### Your objective:
The material below holds a span beginning at the line with "Next, find out" and ending at the line with "We will end". Quote that span exactly, both ends included, and only that span.

### Dataset excerpts:
........

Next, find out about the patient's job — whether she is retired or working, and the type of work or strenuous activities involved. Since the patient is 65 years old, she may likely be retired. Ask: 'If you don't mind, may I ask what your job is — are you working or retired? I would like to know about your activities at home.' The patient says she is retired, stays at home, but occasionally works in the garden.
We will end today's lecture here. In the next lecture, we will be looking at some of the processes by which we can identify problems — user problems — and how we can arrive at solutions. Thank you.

........

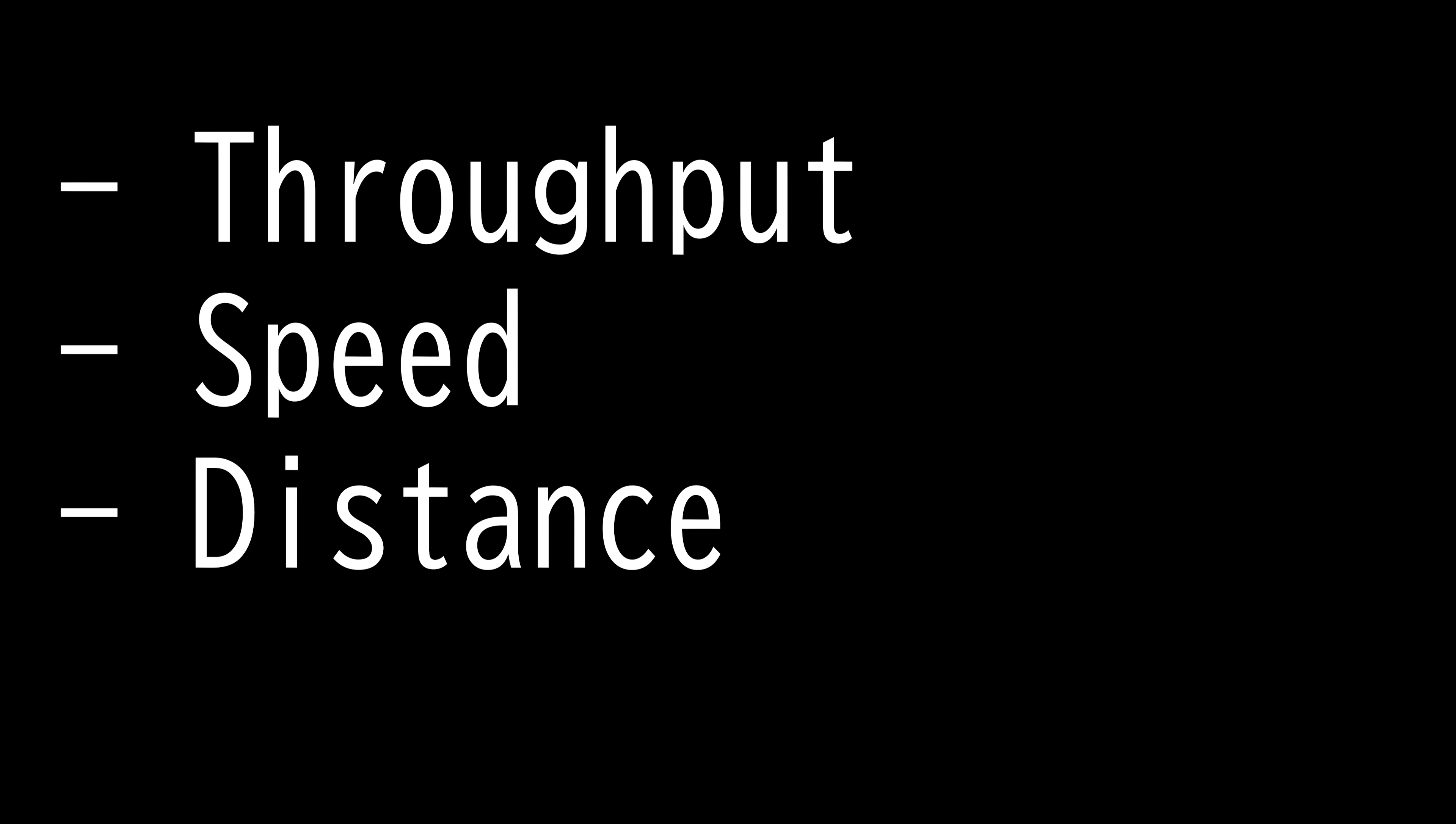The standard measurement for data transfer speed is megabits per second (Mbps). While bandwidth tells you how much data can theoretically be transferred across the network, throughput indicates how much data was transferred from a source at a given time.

........

### Solution for this exercise:
Next, find out about the patient's job — whether she is retired or working, and the type of work or strenuous activities involved. Since the patient is 65 years old, she may likely be retired. Ask: 'If you don't mind, may I ask what your job is — are you working or retired? I would like to know about your activities at home.' The patient says she is retired, stays at home, but occasionally works in the garden.
We will end today's lecture here. In the next lecture, we will be looking at some of the processes by which we can identify problems — user problems — and how we can arrive at solutions. Thank you.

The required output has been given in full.